The U.N. expert also said the military has caused disappearance, arrest, torture, and have been accused of killings of dozens of people.

She said the military has also blocked aid from reaching areas that are affected by the conflict.

Lee said accountability was critical to ending the conflict in the region, adding that the military, “having faced no accountability … continues to operate with impunity.”

“They are now targeting all civilians in the conflict area, with people from Rakhine, Rohingya, Mro, Daignet and Chin communities being killed in recent months,” said Lee.

She said the alleged crimes “must be investigated in accordance with international standards, with perpetrators being held accountable.”

An armed conflict has raged in Rakhine and Chin states since December 2018 between the Myanmar military known as the Tatmadaw and the insurgent Arakan Army.

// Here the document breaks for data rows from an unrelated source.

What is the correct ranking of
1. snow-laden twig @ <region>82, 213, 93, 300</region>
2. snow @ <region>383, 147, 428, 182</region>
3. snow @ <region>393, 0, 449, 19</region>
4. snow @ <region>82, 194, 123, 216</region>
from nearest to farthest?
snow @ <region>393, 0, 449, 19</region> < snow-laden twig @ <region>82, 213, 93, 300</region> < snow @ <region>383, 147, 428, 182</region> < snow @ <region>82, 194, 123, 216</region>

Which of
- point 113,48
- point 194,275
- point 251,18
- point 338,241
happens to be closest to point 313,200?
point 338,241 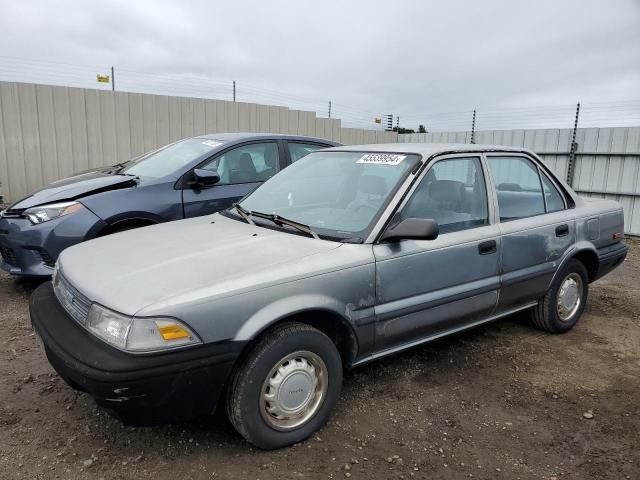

More than 157,000 people have been displaced, and hundreds including women and children killed and wounded since the conflict started.

Lee said the Arakan Army has also conducted hostilities “in a manner that has had negative impacts on civilians, including kidnapping local officials and parliamentarians.”

The Arakan Army is a Rakhine armed group and the armed wing of the United League of Arakan. It is the largest insurgent group in Rakhine State.

The group has since declared a unilateral ceasefire to give way to initiatives to address the new coronavirus pandemic.

Lee called on the United Nations to step up its efforts to protect civilians in Rakhine and Chin and ensure that there is not another systemic failure like in 2017.

The human rights expert said Myanmar and its security forces must abide by the International Court of Justice’s provisional measures and its own directive to respect the Genocide Convention.